**WORK INSTRUCTIONS:**
Leave every picture out and print exactly the lines that run from the one containing "Vintage Steampunk Assemblage" to the end of the listing.

**SUPPLIED MATERIAL:**

Start of Block

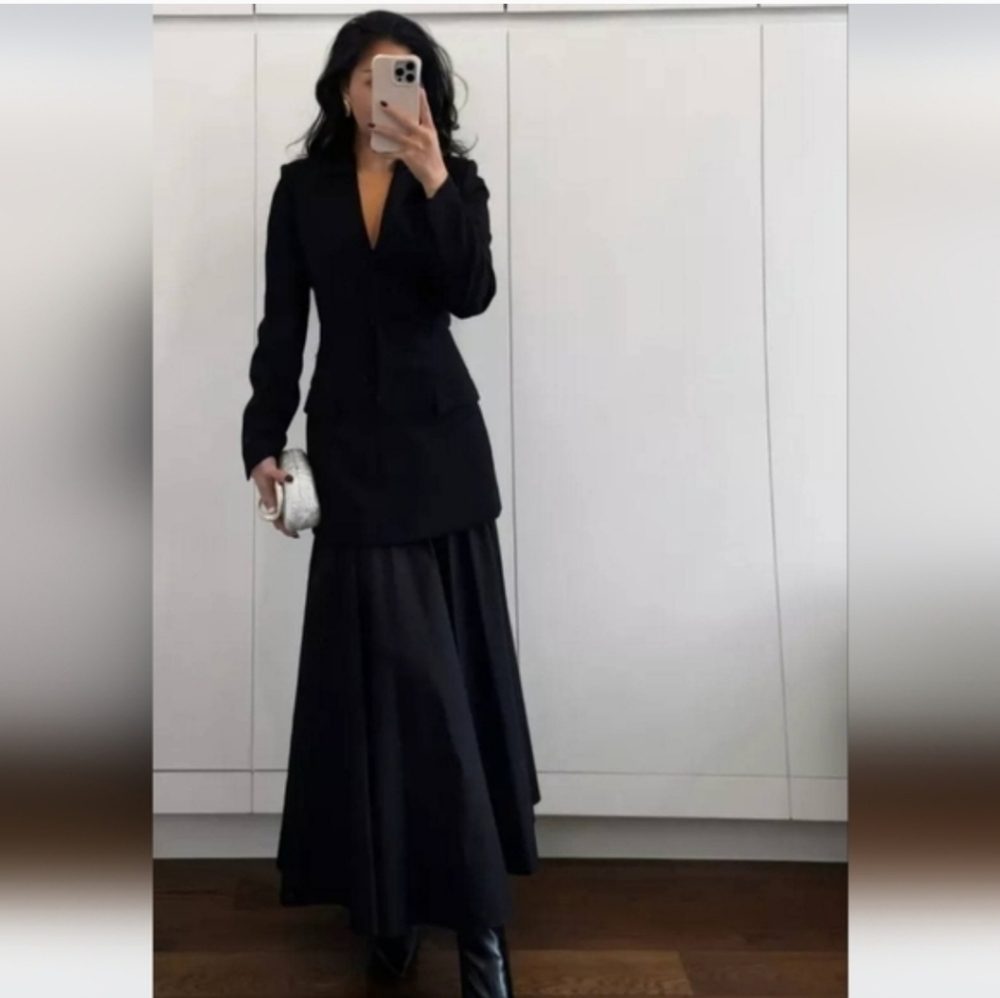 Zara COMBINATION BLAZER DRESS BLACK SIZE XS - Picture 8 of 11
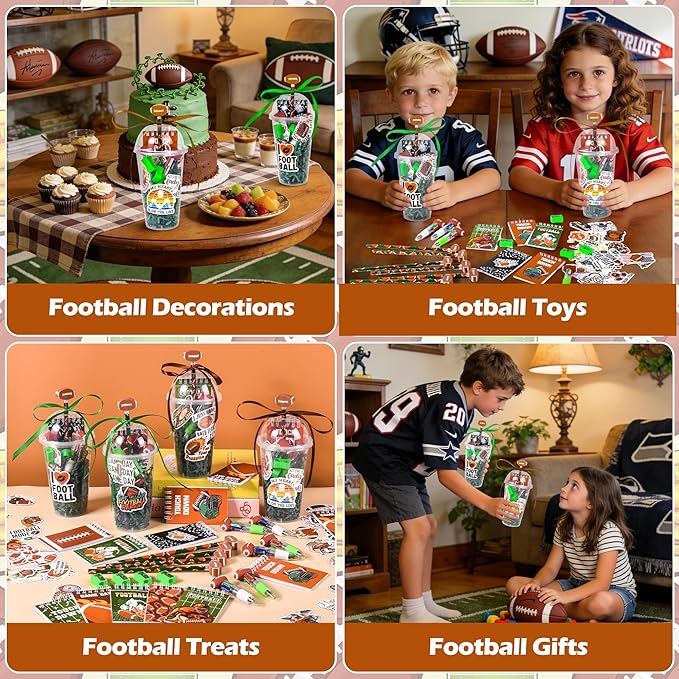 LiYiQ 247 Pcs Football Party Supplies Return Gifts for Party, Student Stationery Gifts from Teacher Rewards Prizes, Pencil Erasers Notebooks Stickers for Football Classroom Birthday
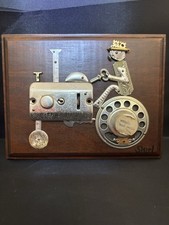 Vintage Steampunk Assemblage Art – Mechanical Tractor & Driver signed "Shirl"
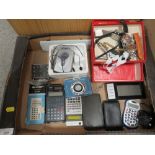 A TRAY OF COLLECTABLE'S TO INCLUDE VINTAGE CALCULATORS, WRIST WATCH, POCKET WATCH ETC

End of Block

**RESPONSE BOX:**
 Vintage Steampunk Assemblage Art – Mechanical Tractor & Driver signed "Shirl"
 A TRAY OF COLLECTABLE'S TO INCLUDE VINTAGE CALCULATORS, WRIST WATCH, POCKET WATCH ETC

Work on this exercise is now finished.